Tra le attività connesse, le più diffuse sono l’agriturismo, praticato dal 37,8% delle aziende con attività connesse; le attività agricole e non agricole per conto terzi, che interessano il 18,0%, e la produzione di energia rinnovabile (16,8%). Mentre agriturismo e produzione di energia rinnovabile evidenziano una decisa dinamica di crescita rispetto al decennio scorso (+16% per il primo e +198% per le seconde), le attività di contoterzismo attivo hanno subito un decremento di quasi il 49%, presumibilmente imputabile all’effetto delle misure di limitazione degli spostamenti adottate per il contenimento dell’epidemia”.
AGRICOLTURA E DIGITALIZZAZIONE
Nel decennio 2010-2020 la digitalizzazione delle aziende agricole ha subito un forte incremento contribuendo anche a ridurre il gap Nord-Sud: “il numero di aziende agricole digitalizzate è quasi triplicato in media (+193,7%) e quadruplicato in Calabria e Sardegna. La crescita della diffusione di attrezzature informatiche e digitali nelle aziende agricole è stata molto più intensa al Sud (+247,0%), nelle Isole (+241,9%) e nel Nord-est (+205,5%), mentre nelle altre ripartizioni geografiche si è mantenuta sotto la media nazionale“.
Per le aziende che svolgono anche altre attività remunerative connesse a quelle agricole, l’incidenza della digitalizzazione è pari al 61,7%: tra queste, le più informatizzate sono le unità agricole che svolgono attività di agriturismo (69,3%), agricoltura sociale (71,5%) e fattoria didattica (76,6%).

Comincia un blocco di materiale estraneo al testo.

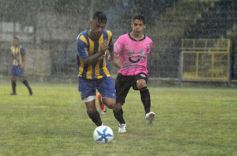 Foto de la galería: El día en que Mitre y el Deca no pudieron con la lluvia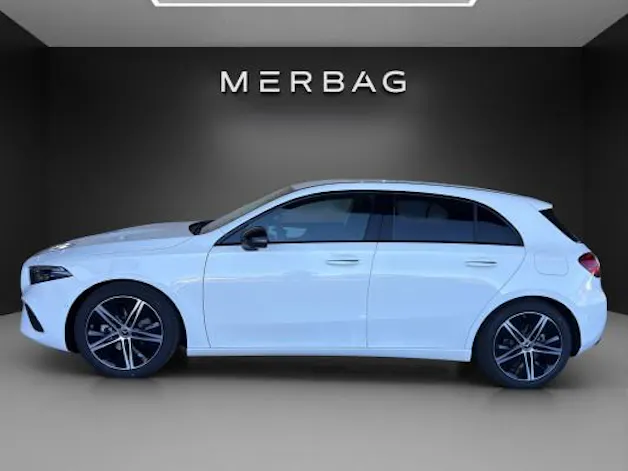 MERCEDES-BENZ A 200 Night Star 7G-DCT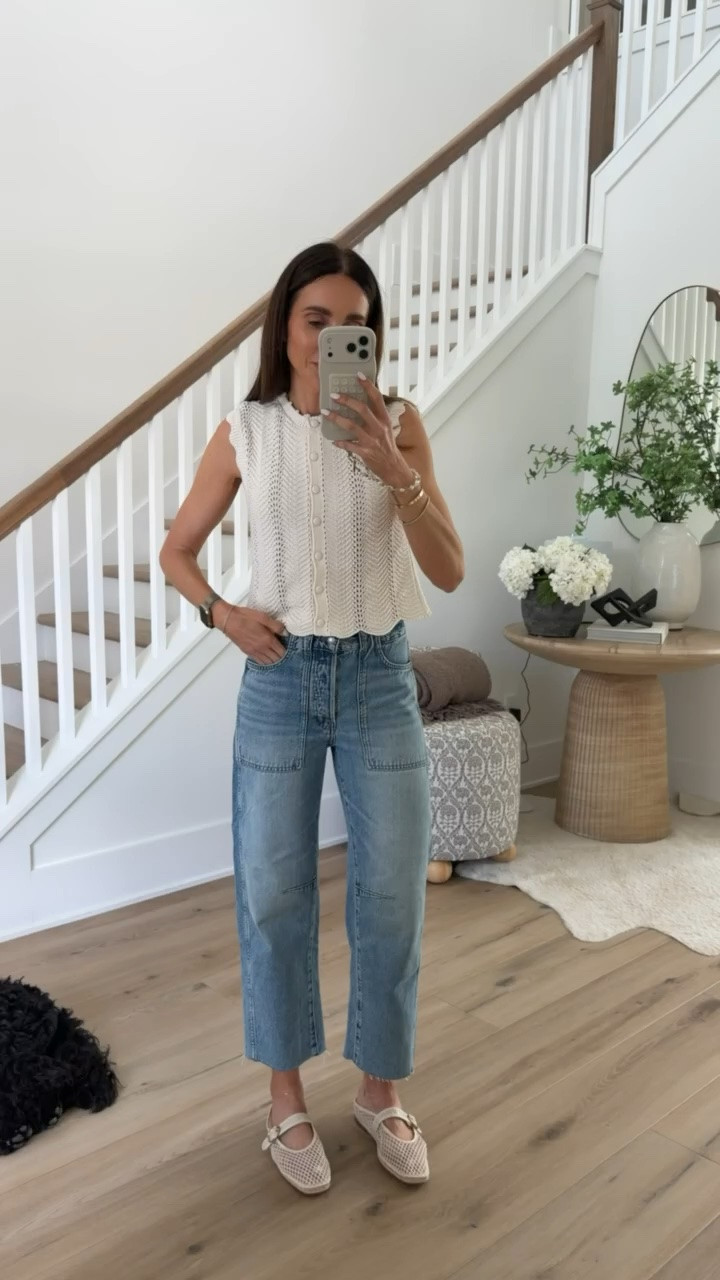 Madewell 20% off discount code LTK20.

balloon jeans, barrel leg jeans, crochet top, casual chic, madewell sale, annabrstyle

#LTKxMadewell #LTKSaleAlert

Dal punto di vista dell’utilizzo prevalente dei terreni agricoli, sono le aziende che coltivano prati permanenti e pascoli a essere più informatizzate, con un’incidenza del 22,4%, seguite da quelle con seminativi (17,8%) e con coltivazioni legnose agrarie (12,3%). Le aziende agricole che coltivano prevalentemente orti familiari sono chiaramente quelle in cui la digitalizzazione è meno diffusa (9,8%).
Inoltre, emerge una stretta connessione tra informatizzazione e associazionismo: due aziende informatizzate su tre fanno parte di organizzazioni di produttori, reti di imprese o sono associate ad altre organizzazioni (64,8%).
“L’agricoltura italiana nell’ultimo decennio ha recepito forti spinte innovative. La necessità di riorganizzare le filiere produttive per accrescere la produttività e mantenere le quote di mercato, l’introduzione di tecnologie sempre più avanzate per la gestione della produzione, la necessità di contenere l’impatto sull’ambiente sono alcuni dei fattori che hanno spinto le aziende italiane verso nuove frontiere, favorendo il processo di concentrazione imprenditoriale.
Numerosi i casi di riorganizzazioni interne (fusioni, scorpori), avviate per migliorare l’efficienza aziendale e accrescere la produttività.Alla riorganizzazione produttiva si sono associati il ricambio generazionale e una tendenza del genere femminile ad assumere posizioni di leadership in azienda piuttosto che a contribuire nella forma di forza di lavoro generica, come in passato.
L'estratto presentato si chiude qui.